The conventional attention implementation described in FIGS. 2A-2C is a FlashAttention-2 implementation. Referring to FIGS. 2A-2C, the pseudocode listing in FIG. 2A shows operations performed to determine attention values. Whereas FIG. 2B depicts the operations performed to determine the attention values of a given query block and a given key block, FIG. 2C depicts the operations performed to determine the attention values of the given query block and a next key block. Thus, both the graphical representation of FIG. 2B and the graphical representation of FIG. 2C include a given query block (Q_i) 220.

Additionally, both the graphical representation of FIG. 2B and the graphical representation of FIG. 2C include a same query vector 205, a same key vector 210, and a same value vector 215. The query vector (Q) 205 has a shape of a first sequence length (M) by head dimension (d), the key vector (K) 210 has a shape of a second sequence length (N) by the head dimension (d), and the value vector (V) 215 has a shape of the second sequence length (N) by the head dimension (d).

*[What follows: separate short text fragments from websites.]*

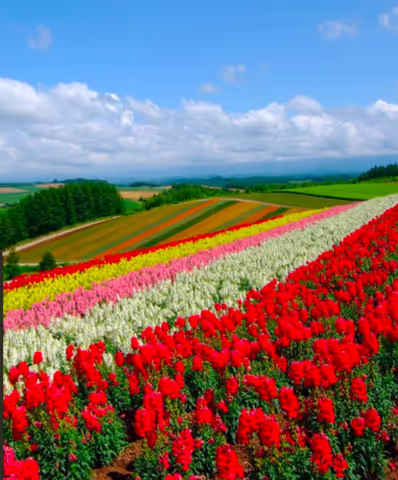 Furano Biei beautiful flower garden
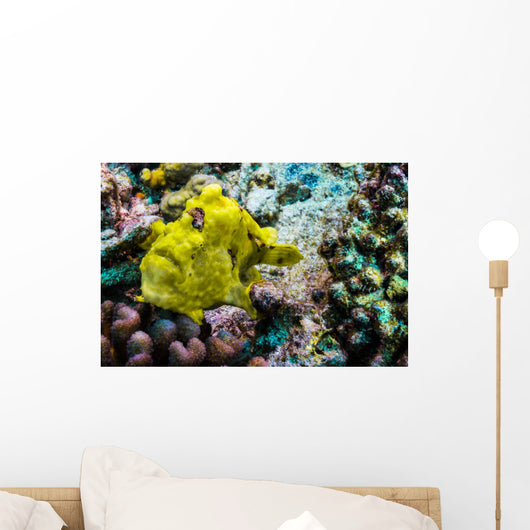 Giant Frogfish Kona Hawaii Wall Decal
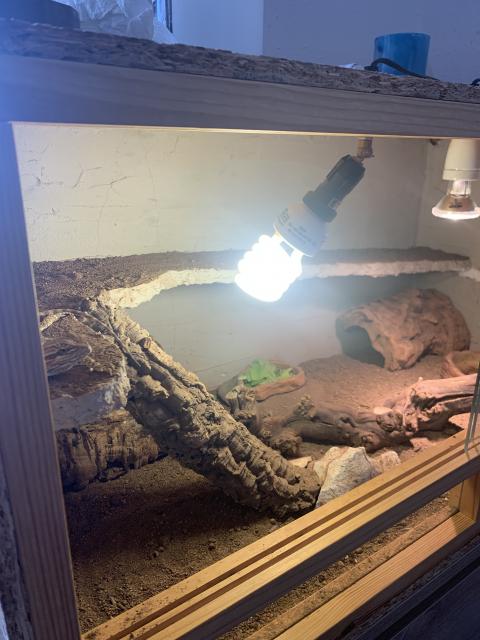 Verkaufe Terrarium mit Zubehör und 4 Bartagamen  - Bartagame - Öhringen 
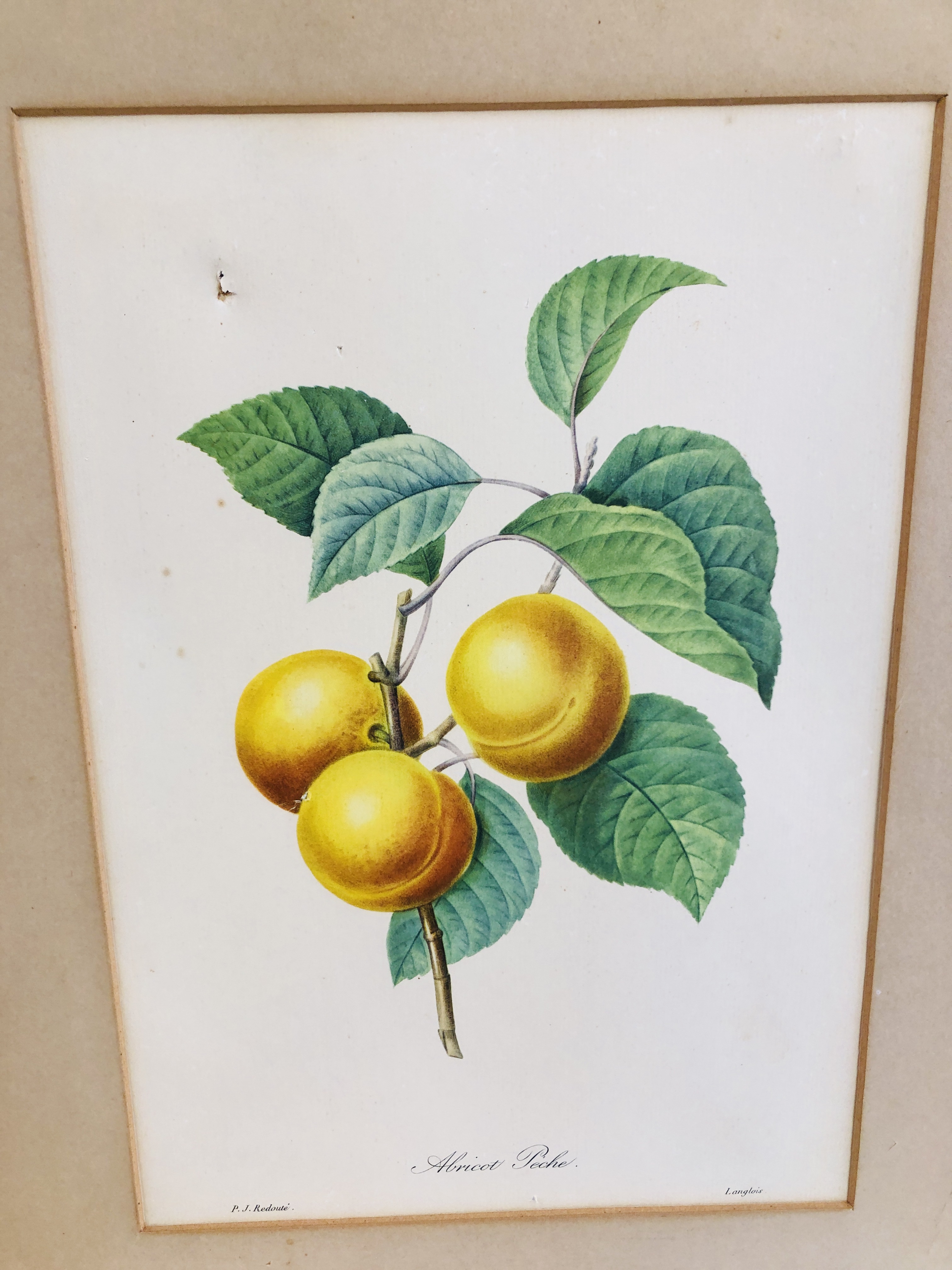 FIVE FRAMED AND MOUNTED P J REDOUTE BOTANICAL PRINTS EACH 33 X 23CM. - Image 4 of 6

Through tiling, the FlashAttention-2 attention mechanism splits the inputs (the query vector (Q) 205, the key vector (K) 210, and the value vector (V) 215) into blocks. Here, the query vector (Q) 205 is split into query blocks Q₀, . . . , Q_{T_r−1}of size [B_r, d] each, where B_r is a row block size and d is the head dimension. The key vector (K) 210 is split into key blocks K₀, . . . , K_{T_c−1}of size [B_c, d] each, where B_c is a column block size and d is the head dimension. The value vector (V) 215 is split into value blocks V₀, . . . , V_{T_c−1}of size [B_c, d] each, where B_c is a column block size and d is the head dimension.

Lines 1, 2, and 13-15 of pseudocode listing 200 include operations for an outer loop, and lines 3-13 of pseudocode listing 200 include operations for an inner loop. In the outer loop, the FlashAttention-2 attention mechanism loops over blocks of the query vector (Q) 205 and loads them from HBM to fast on-chip SRAM. For each query block, the FlashAttention-2 attention mechanism loops on blocks of the key vector (K) 210 and the value vector (V) 215 in the inner loop, loading the blocks of the key vector (K) 210 and the value vector (V) 215 from HBM to SRAM, and writing the output of the attention computation back to HBM.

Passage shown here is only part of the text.